# The Hobbit



## Tigercougar (Dec 14, 2012)

I'm not even interested in seeing this (I just don't like extremely lengthy movies) but I'm surprised there isn't a thread about it here. Too bad it's so long, cause from the trailer it looks like a fun fantasy that people of all ages can enjoy. Who on this board will see it? Do you think breaking it down into three films is a good idea?


----------



## Namba (Dec 14, 2012)

Well, what Peter Jackson wanted to do was take advantage of this opportunity to make another movie by adding in not only the prequel but also the appendixes, which go on for several books and further the story. He was originally just going to split it into two parts but since this is going to be the last time he's going to be able to do something with the series, he figured he may as well put in some history along with the story, which I think is a brilliant idea. Peter Jackson is a genius director and did such a fantastic job with the trilogy that I have high hopes for this next movie trilogy.
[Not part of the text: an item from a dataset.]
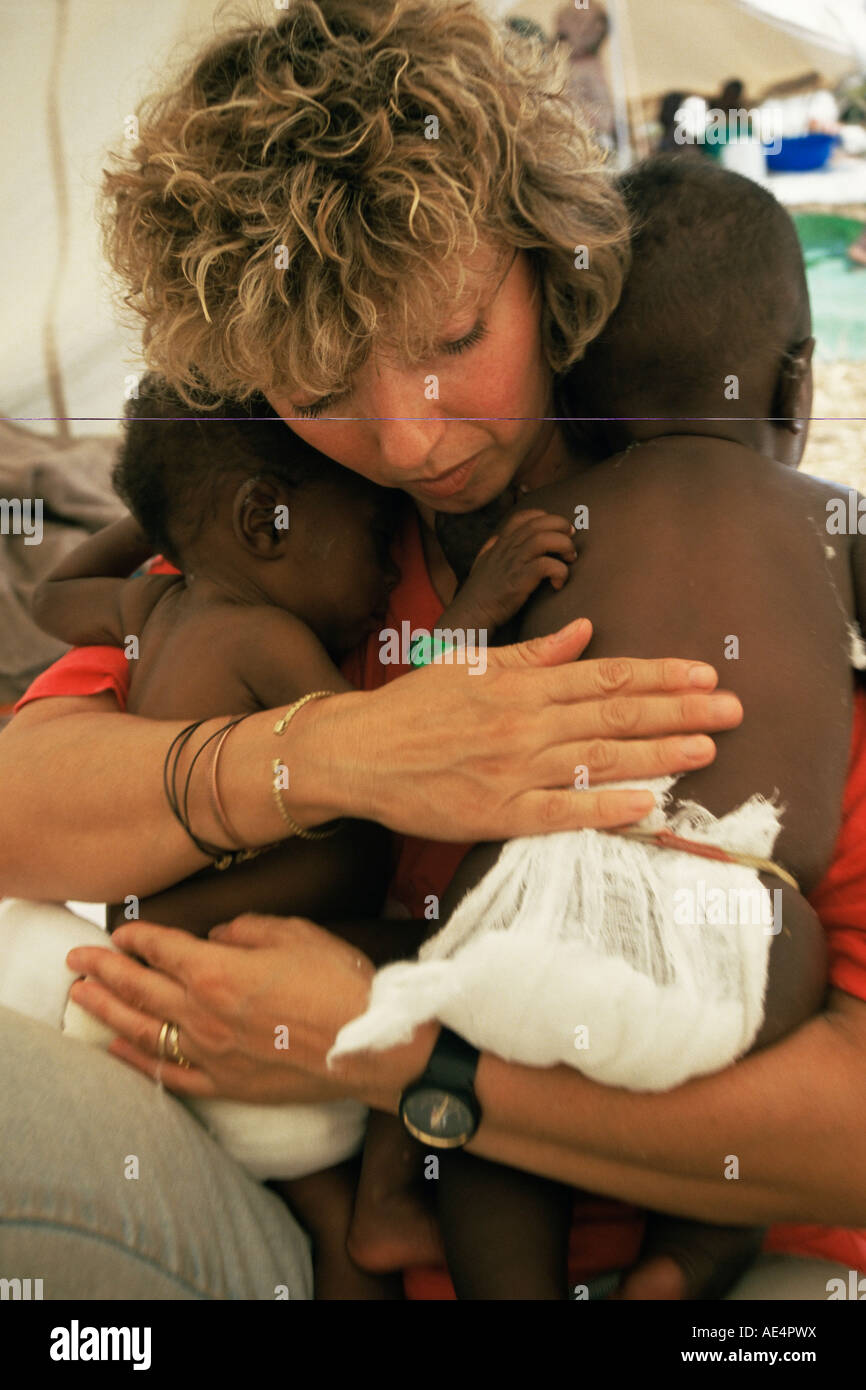 Infermiera italiana in orfanotrofio, Goma, Zaire, Africa Foto Stock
And yes, I already almost know for certain I'm actually going to see Part 1 at least twice; once with the family and another time on a movie date.


----------



## Captain Howdy (Dec 14, 2012)

I don't mind lengthy movies, as long as they do a half-decent job of entertaining me. I loved the LotR books, the Hobbit, and the movies, so I'll probably like the Hobbit movies (as much as I hate having to pay $~30 to see the whole thing). Despite how harsh I am on music, I'm the opposite on movies xD I've seen so many terrible ones.


----------



## future4 (Dec 14, 2012)

I'm pretty excited to see it. I really dig the whole Tolkien's world, and I think the Hobbit movie will be another great thing that's come from it. I don't really mind them breaking it into three parts as long as there's development and such in them. Plus, I'm interested in Seeing what else Jackson has put in them.


----------



## peppygrowlithe (Dec 14, 2012)

It was pretty good, though going to midnight showings of three hour movies... Dunno if I'm gonna do that again. X)


----------



## Arshes Nei (Dec 14, 2012)

Tigercougar said:


> I'm not even interested in seeing this (I just don't like extremely lengthy movies) but I'm surprised there isn't a thread about it here. Too bad it's so long, cause from the trailer it looks like a fun fantasy that people of all ages can enjoy. Who on this board will see it? Do you think breaking it down into three films is a good idea?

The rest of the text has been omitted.